Stored items
[Start of Attachment]

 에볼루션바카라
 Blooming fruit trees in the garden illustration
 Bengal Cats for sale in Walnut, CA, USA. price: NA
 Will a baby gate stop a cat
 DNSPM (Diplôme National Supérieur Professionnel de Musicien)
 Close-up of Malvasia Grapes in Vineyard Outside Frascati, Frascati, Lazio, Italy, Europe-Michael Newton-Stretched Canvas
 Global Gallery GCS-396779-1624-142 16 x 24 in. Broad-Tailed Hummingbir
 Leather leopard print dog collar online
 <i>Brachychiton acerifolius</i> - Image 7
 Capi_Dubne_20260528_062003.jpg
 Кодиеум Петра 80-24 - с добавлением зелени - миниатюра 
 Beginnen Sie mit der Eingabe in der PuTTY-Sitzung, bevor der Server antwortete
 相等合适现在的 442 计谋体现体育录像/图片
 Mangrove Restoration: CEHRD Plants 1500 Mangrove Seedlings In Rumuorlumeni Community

[End of Attachment]
[Start of Attachment]

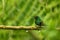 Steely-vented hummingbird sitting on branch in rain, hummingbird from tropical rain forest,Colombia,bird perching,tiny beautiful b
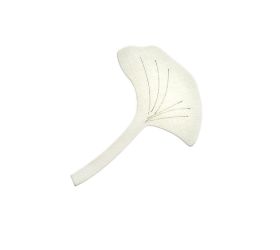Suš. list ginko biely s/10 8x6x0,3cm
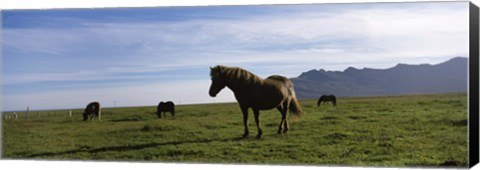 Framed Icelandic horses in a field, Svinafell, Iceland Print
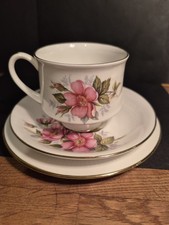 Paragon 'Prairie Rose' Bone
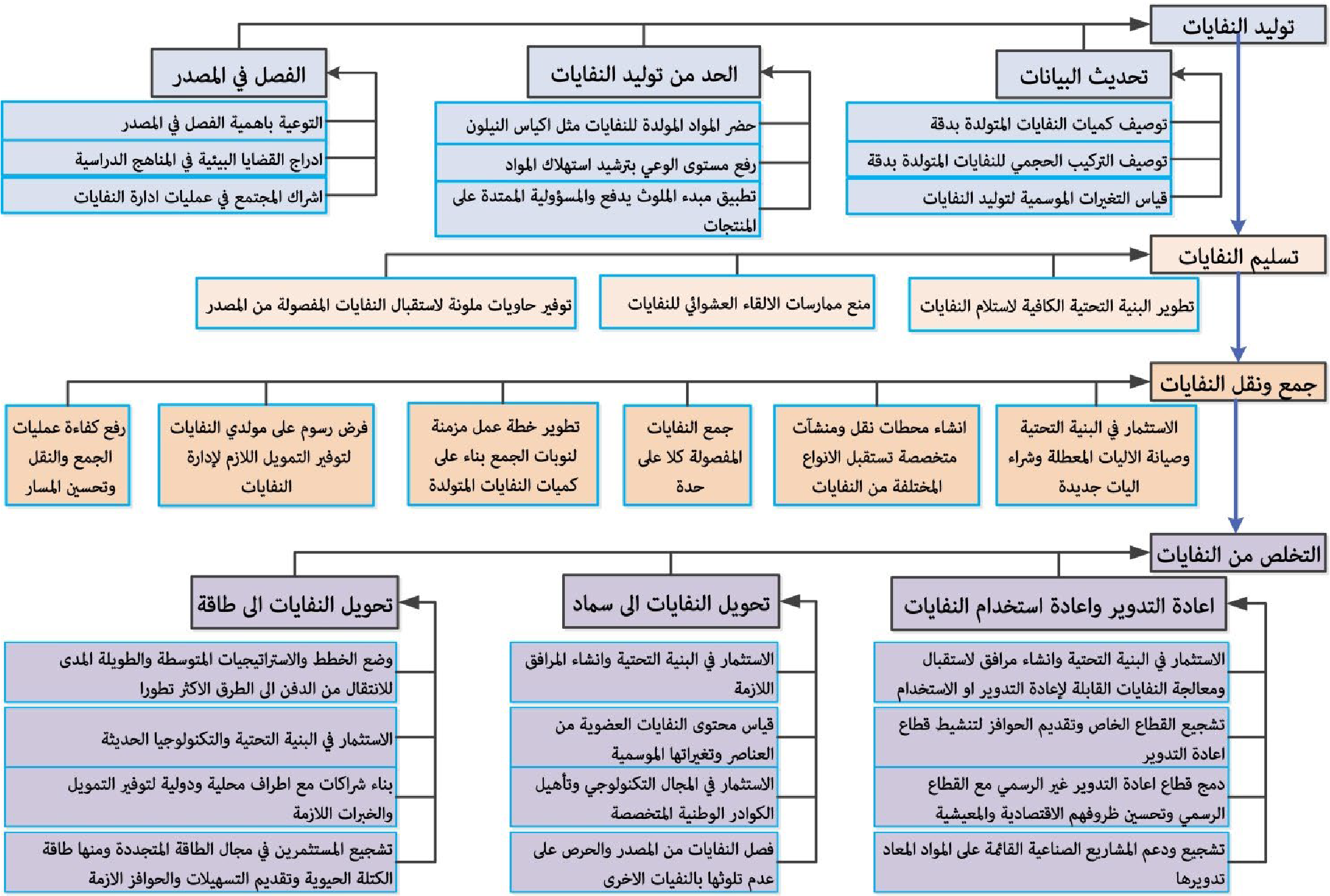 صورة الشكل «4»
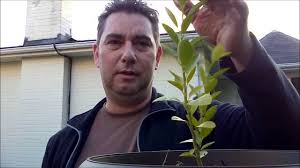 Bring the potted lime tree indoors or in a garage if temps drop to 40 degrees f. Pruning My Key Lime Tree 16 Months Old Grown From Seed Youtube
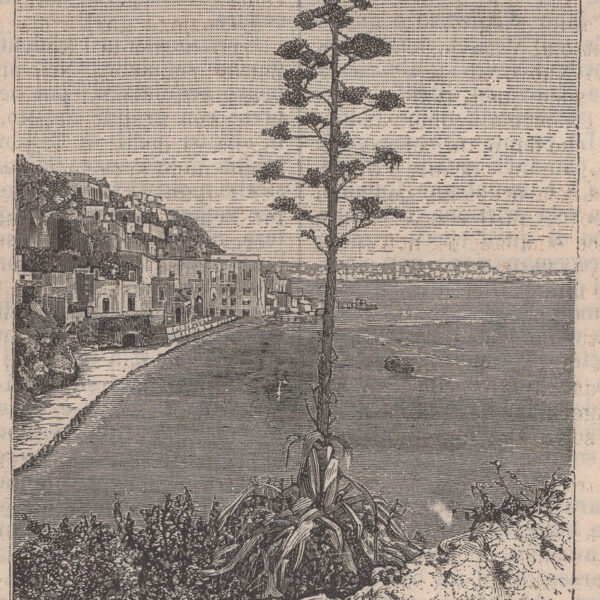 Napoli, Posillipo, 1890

[End of Attachment]

**TASK ITEM:**
Proceeding from the line containing "Will a baby gate stop a cat" through the line containing "Mangrove Restoration: CEHRD", transcribe the lines above exactly, both end lines included.

**EXERCISE RESULT:**
 Will a baby gate stop a cat
 DNSPM (Diplôme National Supérieur Professionnel de Musicien)
 Close-up of Malvasia Grapes in Vineyard Outside Frascati, Frascati, Lazio, Italy, Europe-Michael Newton-Stretched Canvas
 Global Gallery GCS-396779-1624-142 16 x 24 in. Broad-Tailed Hummingbir
 Leather leopard print dog collar online
 <i>Brachychiton acerifolius</i> - Image 7
 Capi_Dubne_20260528_062003.jpg
 Кодиеум Петра 80-24 - с добавлением зелени - миниатюра 
 Beginnen Sie mit der Eingabe in der PuTTY-Sitzung, bevor der Server antwortete
 相等合适现在的 442 计谋体现体育录像/图片
 Mangrove Restoration: CEHRD Plants 1500 Mangrove Seedlings In Rumuorlumeni Community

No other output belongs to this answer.